Pour toute réponse, Kerans lui fit un simulacre de salut militaire et se dirigea nonchalamment vers la toile de Ernst, à l’autre bout de la pièce, tandis que Bodkin contemplait la jungle par la fenêtre. Les deux tableaux en venaient à se ressembler de plus en plus, et à se rapprocher d’un troisième paysage ; celui qui s’était gravé dans l’esprit de chacun d’entre eux. Ils ne parlaient jamais de leurs rêves, de ce domaine crépusculaire qu’ils connaissaient tous trois, où ils se mouvaient la nuit comme les fantômes du tableau de Delvaux.

Béatrice s’était assise sur le sofa, le dos tourné à Kerans.
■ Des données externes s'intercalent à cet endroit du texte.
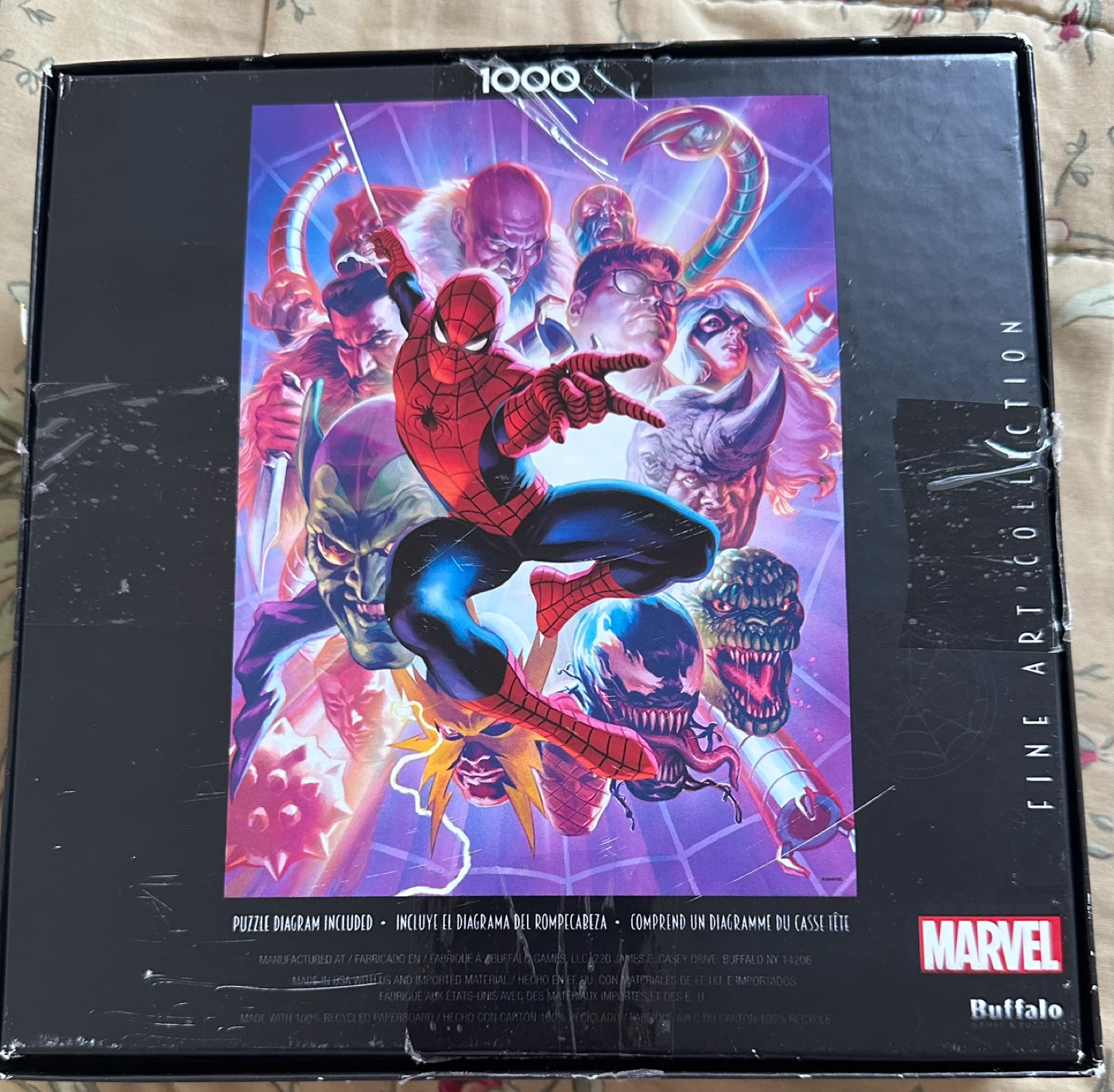 Marvel Spider-Man 1000-Piece Puzzle for Sale! - photo 2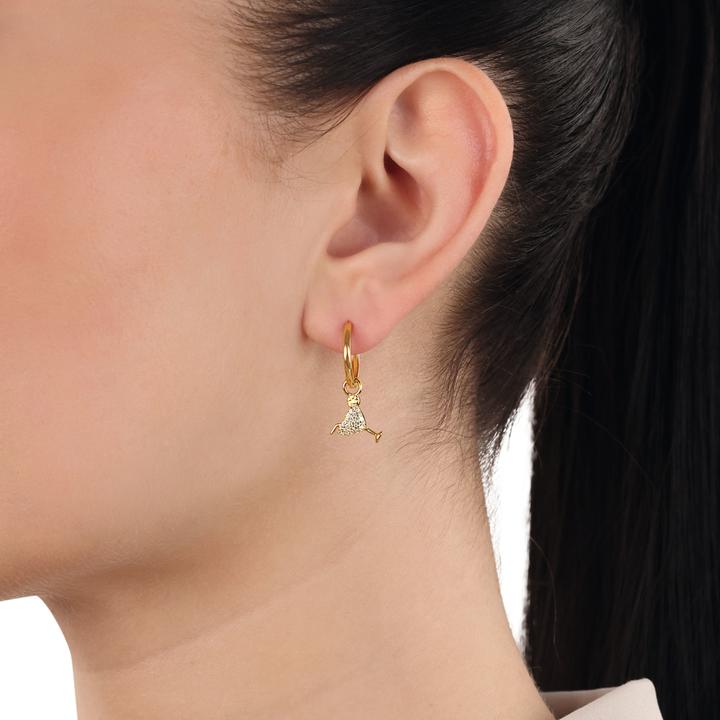 Immagine prodotto Amor Ciondoli da donna, argento 925, zirconi sintetici. | Cocktail (Argento 925)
Brusquement, celui-ci réalisa que l’unité actuelle du groupe ne durerait pas longtemps. Béatrice avait raison : les allures militaires ne lui allaient pas ; il était trop passif, trop introverti, trop égocentrique. Cependant, ils pénétraient en ce moment dans un domaine où les obligations et les allégeances d’usage ne comptaient plus, et c’était cela qui comptait. À présent qu’ils avaient pris leur décision, les liens qui les unissaient avaient déjà commencé à disparaître, et s’ils vivaient désormais séparément, ce ne serait pas simplement par commodité. Il avait besoin de Béatrice, mais la personnalité de celle-ci gênait l’absolue liberté qui lui était nécessaire. Bref, chacun d’eux devrait poursuivre son propre chemin dans cette vie de la jungle, et poser ses propres jalons. S’il leur arrivait de se voir de temps à autre, aux alentours des lagunes ou à la station d’essais, leurs vraies rencontres ne se produiraient plus que dans leurs rêves.